ワクワク:卒業してからは森ビル関係のビルマネジメントの会社に入社したんですよね? 電気科を卒業したからですか?
ハタノさん:電気科を卒業すると不動産関係のメンテナンス会社に入る人が多かったんです。ビル管理の仕事が好きだからというわけではなく、担任の先生から周りの学生がそういった業界の会社に入社しているからと勧めていただきました。

ワクワク:でも元々実家が町工場で板金とか溶接とかしてたんですよね?
ハタノさん:はい、まさに今やっているような溶接オンリーの町工場でした。
ワクワク:学校を卒業していきなりは家業を継がなかったんですね。実家を継ぐ前に社会人経験を積みたいなと思って普通の会社に入って揉まれてみようみたいな。その時は実家を継ぐかどうかすらまだ決めてなかったんですか?

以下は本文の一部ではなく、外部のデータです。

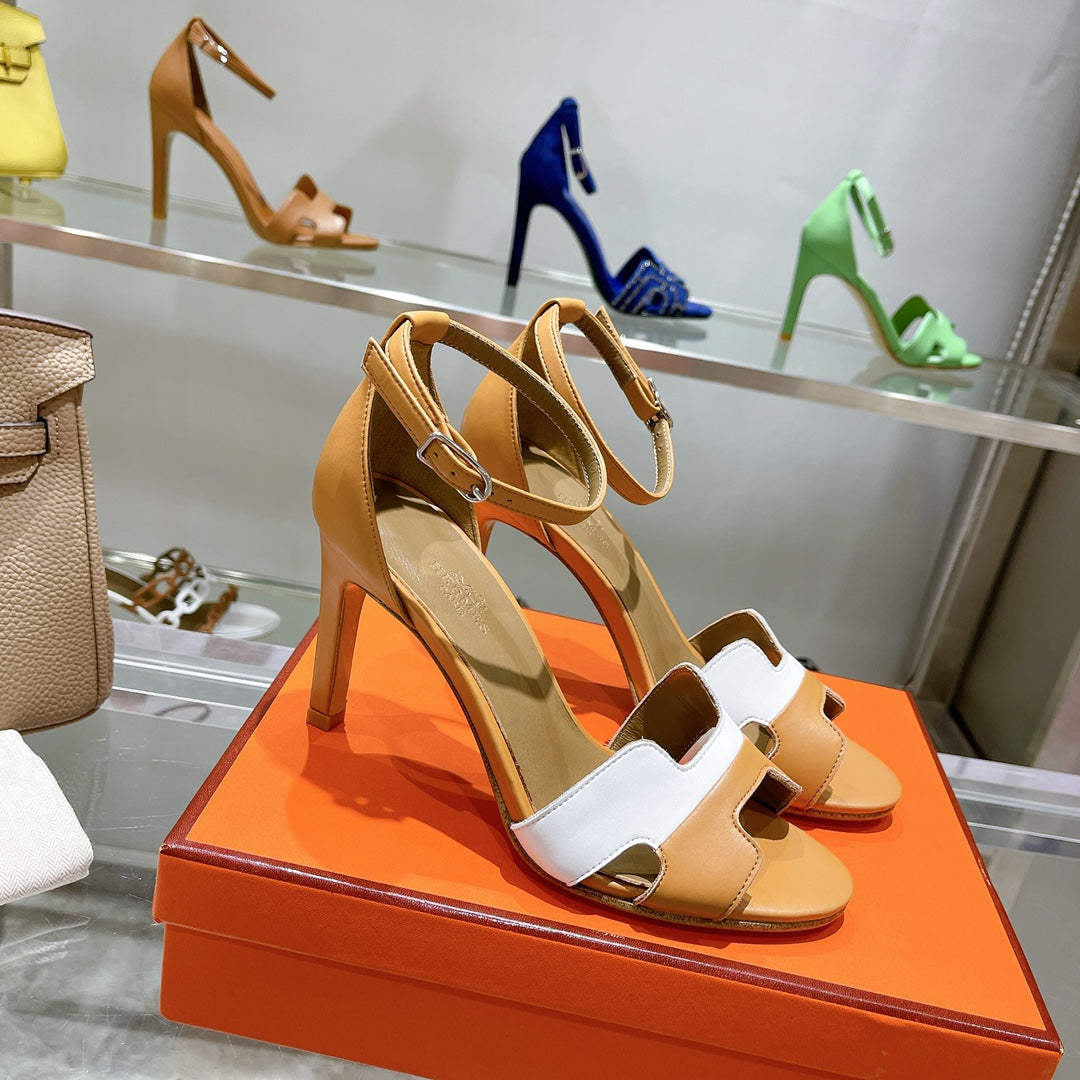 Luxury Shoes - Top QualityS - 741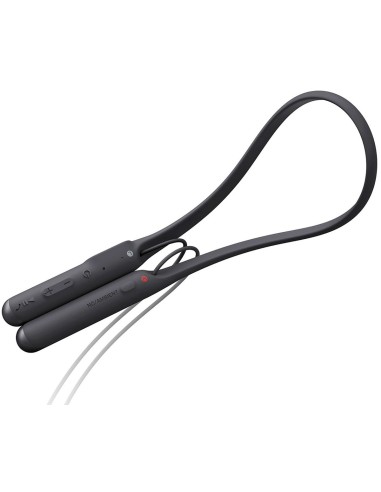 Sony Wi-c600 Negro Auriculares Inalámbricos Bluetooth WIC600NB.CE7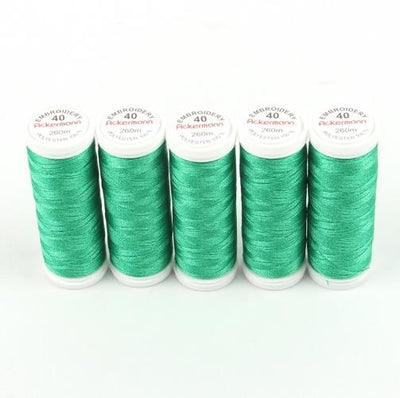 ACKERMANN® EMBROIDERY (5x 260m) Farbe 2837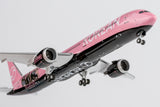 NG Models Korean Air Boeing 787-10 Dreamliner HL8816 1/400 Aircraft Scale Model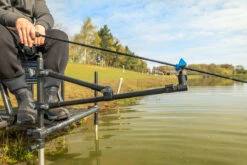 XS Feeder Arm -Matrix Winkel preston innovations xs feeder arm 4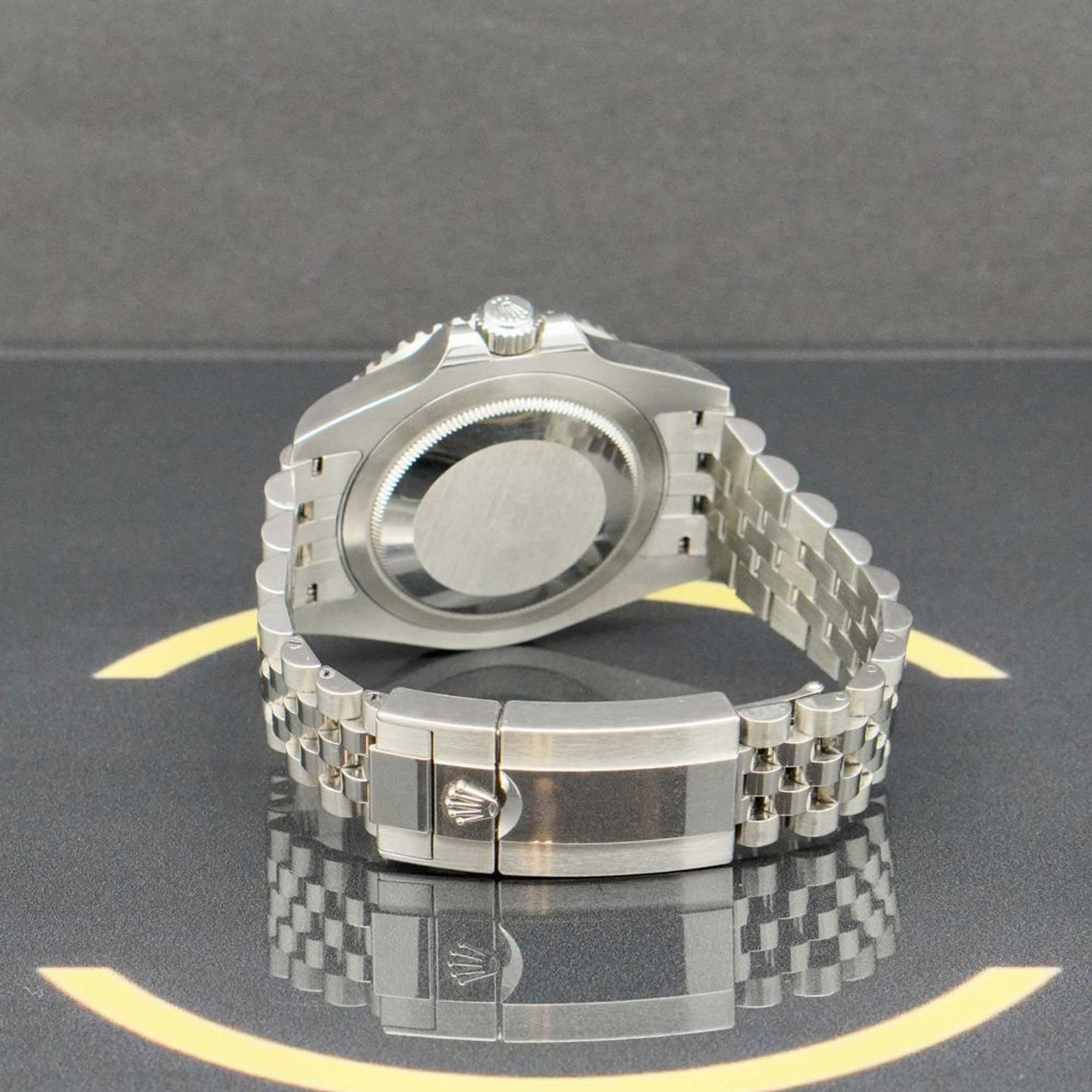 Rolex GMT-Master II 126710BLRO - (7/7)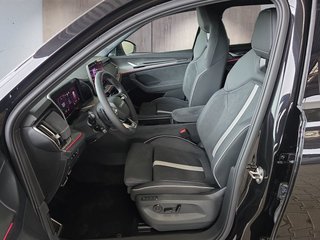 Skoda Kodiaq Sportline 1,5 TSI iV 4*J.Gar/AHK/Navi/el.Klappe/Kamera  ** - foto 4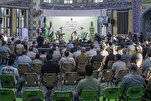 İraqın Səlahəddin vilayətində yeni Quran mərkəzi açıldı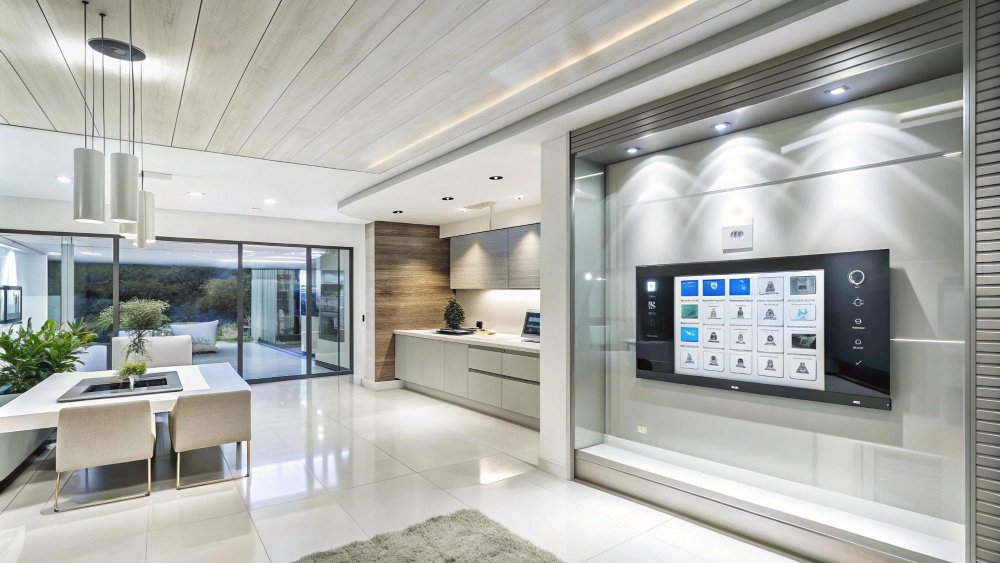 Smart Kitchen Remodeling in Roseville, CA: Upgrade Your Home for Efficiency and Style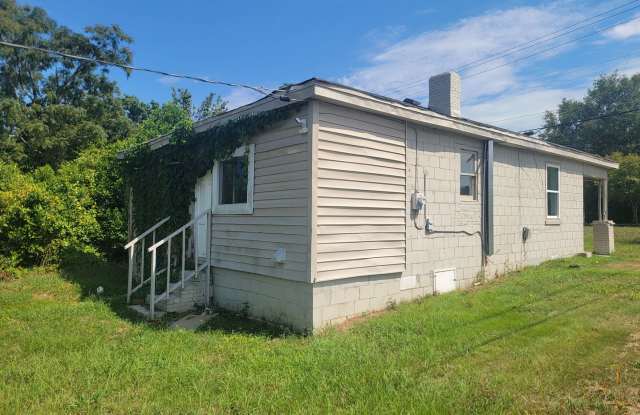 Turpin Hill - Richmond County Gallery 4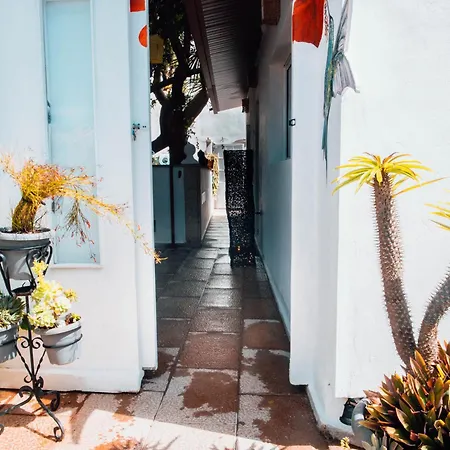 빌라 The Essence Of Jakarta 아로나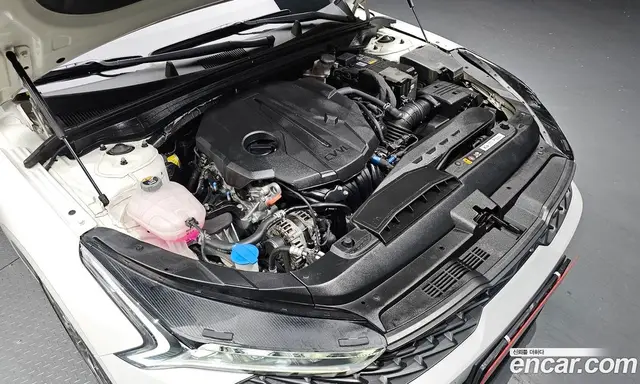 Kia K5 (Optima) 2022 2.0 автомат (гидро), миниатюра 5 Kia K5 (Optima) 2022 2.0 автомат (гидро), миниатюра 5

ハタノさん:そこまで考えてなかったというのが正解ですねw 小さい頃は絵を描くのが好きだったけど、漫画家とか画家とかだと食べていくのは厳しいかなと。で、中学生くらいにトイストーリーという映画が出てきてコンピューターグラフィックスってカッコいいなと思ったんです。だけど当時はコンピューターグラフィックスとかが出来るパソコンはまだ高くて手が出ませんでしたが、勉強できるならそういう方向がいいなと考えていました。いずれは実家の家業を継ぐのかなとは漠然とは思ってましたが。だから卒業した後もすぐに実家を手伝うとか、製造業の会社に入るとかではなく決めたという感じです。家業を継げとも言われていないですし、兄もいましたので。
ワクワク:選択肢の一つとして遠い先にそれはあるけれども、卒業時点では本筋にはなってなかったということですね。
ハタノさん:もちろん溶接の仮止めとか学生の時に手伝ったりとかで経験値はありましたから、全く知らない人よりかは身近な仕事ではありました。父親の作戦だったのかもしれませんw
ワクワク:こんな感じの仕事なんだなということは分かってはいたんですね。それでビルマネジメントの会社で5年くらい働いてから、町工場に入っているじゃないですか。共栄溶接さんかな。
ハタノさん:それが実家ですw 当時の勤め先で東北へ異動の話があり、なかなか帰ってこれないと聞いていたので転職を決断しました。
ワクワク:でもビルマネジメントのスキルは5年分は上がってるじゃないですか。同じような業種の別会社に移らずになぜ実家に戻ったんですか?ものづくりをやりたい!という想いがあったということですか?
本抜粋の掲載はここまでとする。